4.4 Pre-trained Model-based Approaches

Yuan et al. [35] obtained informative sentence representations on BERT, containing a hierarchical graph that brings the tokens at each granularity level be able to capture semantics from different sources. Xu et al. [38] leveraged discourse knowledge within structural discourse graphs constructed based on RST trees and coreference mentions. In addition, the work encodes the discourse graph using graph convolutional networks, which serve as graph encoders based upon sentence representations from BERT. The encoder finally outputs the knowledge incorporated embedding into MLP layers. Cui et al. [37] utilized topic knowledge via neural topic model and built a heterogeneous document graph consisting of sentence and topic nodes to learn the representations by a modified graph attention network with BERT. The representations of sentence nodes are extracted to compute the final summary. BartGraphSumm [31] is equipped with BART to encode the semantic knowledge extracted by the OpenIE from documents. Moreover, the model relies on the pre-trained RoBERTa encoder, which uses GAT to learn the graph extracted by OpenIE.

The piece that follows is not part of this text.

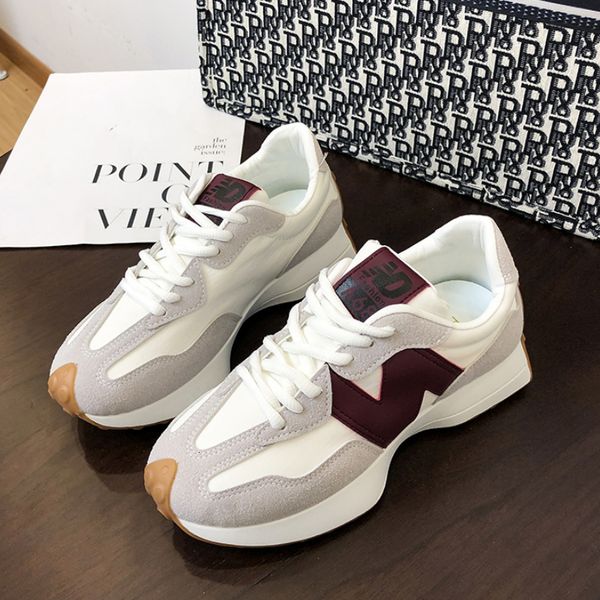 dress shoes spring autumn women luxury sports color block trendy soft sole casual couple sneakers 44 zapatillas mujer 230313, Black
dress shoes spring autumn women luxury sports color block trendy soft sole casual couple sneakers 44 zapatillas mujer 230313, Black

4.5 Non-deep learning Approaches.

In contrast to DNN-based approaches, non-deep learning approaches are commonly adopted for embedding external knowledge into document summarization. The traditional word vector representation method is still utilized in recent knowledge embedding approaches for document summarization [23]. Besides, advanced word vector representation methods, such as the distributed representation, are applied in both abstractive and extractive document summarization tasks, representing each word by its distributed representation [6, 8]. In addition, some document summarization knowledge embedding approaches adopt the linearization mechanism (e.g., TransE) to linearize the knowledge into sequences for embedding into the model architecture [9]. Scarce approaches utilize straight the embedding algorithms, such as the TF-IDF algorithm, for learning knowledge embeddings in document summarization models [11].

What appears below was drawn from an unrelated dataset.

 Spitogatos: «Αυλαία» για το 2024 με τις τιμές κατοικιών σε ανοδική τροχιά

5 Challenges and Future Opportunities

As still in its evolutionary stage, the research of embedding knowledge into document summarization faces numerous challenges and remains unfilled gaps. In this section, we discuss the challenges and promising avenues of ongoing and future works aligned with the goals G1 to G5.

5.1 Knowledge Quality

For document summarization models that leverage knowledge, the knowledge that covers less information, retains fault information, or contains factual errors can significantly harm the summarization performance. There are some latent future directions to maintaining the quality of a knowledge base for document summarization to carry large amounts of essential and factually consistent information.

Knowledge Collection

The issue of fact coverage can occur due to the choice of information extraction strategies when collecting knowledge from texts. This issue may cause the lost of prominent information from source documents, thus degrading the quality of the generated summary [21]. Therefore, an effective extraction strategy designed for improving the coverage in knowledge collection is requisite to be explored, in order to reduce the missing knowledge in the distilling process. It can also further help produce informative summaries corresponding to the goals G1 and G2. Besides, it is noted that determining the voice (i.e., active or passive) of sentences while extracting factual triples from the source text can advance the extracted information quality [58], which helps avoid missing information. More future research can be put in this direction to ensure the quality of collected knowledge.

Knowledge Purification

The knowledge graph entity disambiguation is to conquer entity ambiguity problems by matching ambiguous text entities to the corresponding knowledge graph entities for knowledge purification. However, when operating the disambiguation process to the knowledge graph to eliminate redundancy knowledge for document summarization, some of the salient text information could be lost [9]. Thus, a better strategy for knowledge graph disambiguation to condense the summary while remaining primary contents can be necessary. Also, more effective mechanisms for the entity recognition and entity linking within a knowledge graph to maintain more relations of knowledge entities are worth investigating [11]. Entity linking herein is the process of linking textual mentions of entities from source texts to the corresponding entities in a knowledge graph. These mechanisms can better reduce redundant information while retaining the knowledge base quality, achieving the goal G2.

Knowledge Consistency

Factual inconsistency errors refer to fact conflicts, categorized into contradicted fact (i.e., intrinsic error) and irrelevant fact (i.e., extrinsic error) to source text facts [59]. The knowledge from open-source knowledge graphs or extracted from the source corpora can inevitably involve varied intrinsic or extrinsic errors. Seriously erroneous knowledge can harm a knowledge-embedded summarizer’s performance terribly, mostly clashing with the goal G5. Even if factual inconsistency errors have been recognized and attached importance, scarce studies are qualified to precisely address and tackle inconsistency errors in document summarization. It is because inconsistency errors can be detected hardly by linguistic analysis. And since the knowledge databases for document summarization tasks are generally large-scale, it can cost laborious efforts to check each knowledge entity relation. Thus, exploring advanced ways to scan and solve inconsistent errors for incorporated external or personalized knowledge graphs, which contain plenty of mixed facts, can be a valuable future direction for knowledge-based document summarization.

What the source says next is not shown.